# What should me loft have???



## Guest (Dec 14, 2008)

Hi,
After doing some work a guys house who had near 70 pigeons I am now keen to build a loft and get a few for my self.
I am just wondering what the essential building design should have it. Ie should it get a lot of sun or dose that not matter, how many sides should be open, etc etc
Thanks A lot in advance
tom


----------



## spirit wings (Mar 29, 2008)

tgmartin said:


> Hi,
> After doing some work a guys house who had near 70 pigeons I am now keen to build a loft and get a few for my self.
> I am just wondering what the essential building design should have it. Ie should it get a lot of sun or dose that not matter, how many sides should be open, etc etc
> Thanks A lot in advance
> tom


I would build it big enough for the TOTAL amount of pigeons you want to keep. have aviaries so they can get some fresh air and sunshine, face the aviaries to the south, use 1/2 or 1/4 inch hardware cloth(wire), be sure you can close the loft up at night so no wind or drafts and critters can get in. have it off the ground to stay dry. if you are keeping homers you will want a landing board and trap door which a removable cage sits on the landing board to settle the young and teach to go in the trap door . you can have this off to the side or I just use the roof of my aviaries for the landing board, there is a good pic of this on Lovebirds website http://lovebirdsloft.homestead.com/page1.html

it is nice to have three sections if you plan to breed, one for flyers one for breeding and one for young birds. you can seperate the sexes also.
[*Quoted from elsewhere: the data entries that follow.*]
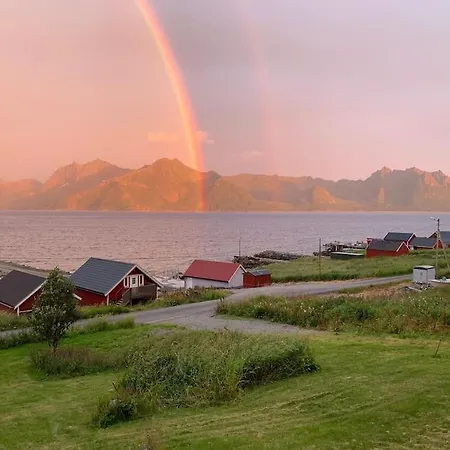 Apartment I Rorbu Pa - Yttersia Senja Kallfarnes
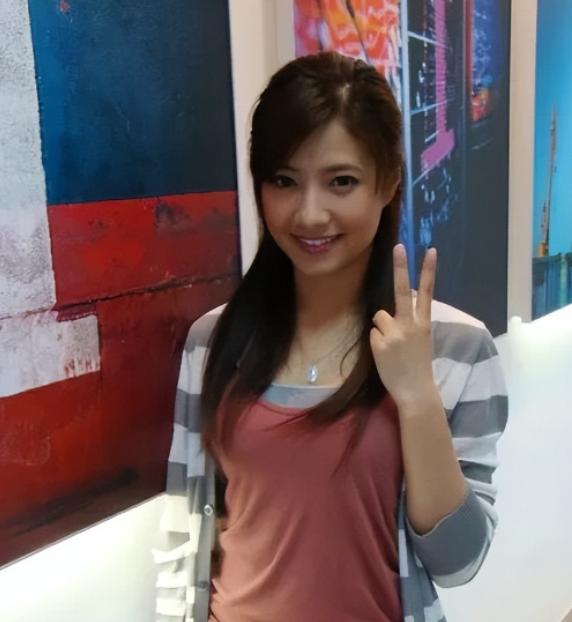 2018年，她抛下五岁的儿子与三岁的女儿，然后从28楼一跃而下，那时，她的丈夫与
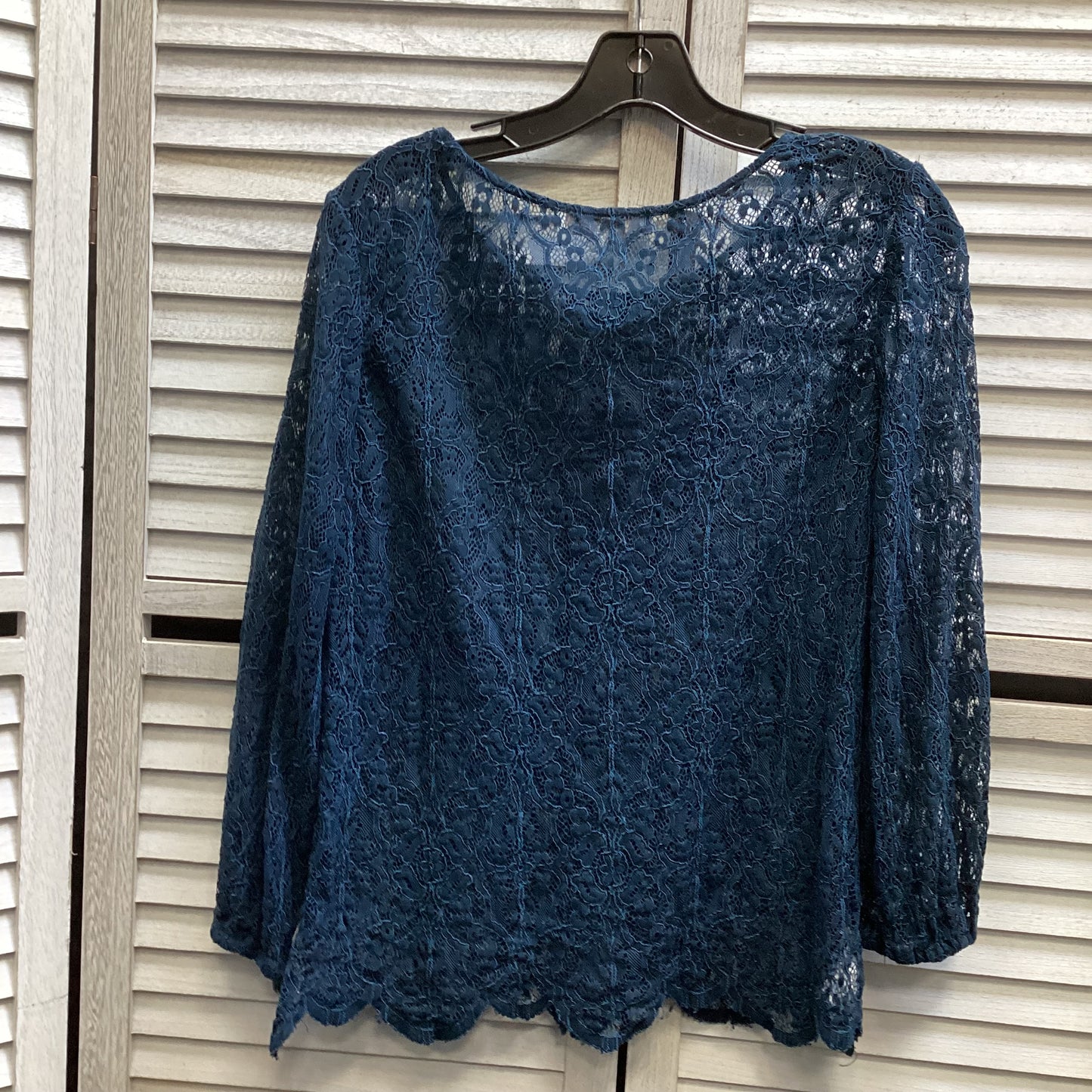 Top Long Sleeve By Loft In Blue, Size: Xs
I would have a wood floor. depends on what breed and what you want to do with the birds too, so keep that in mind, having it so no mice rats or snakes can get in is important, and the nest boxes need to be big enough for two nests and babies. also more perches than you have birds....


----------



## james fillbrook (Jan 2, 2009)

the ay i did it was too use a old garden shed ans bulid a avery on the side of it


----------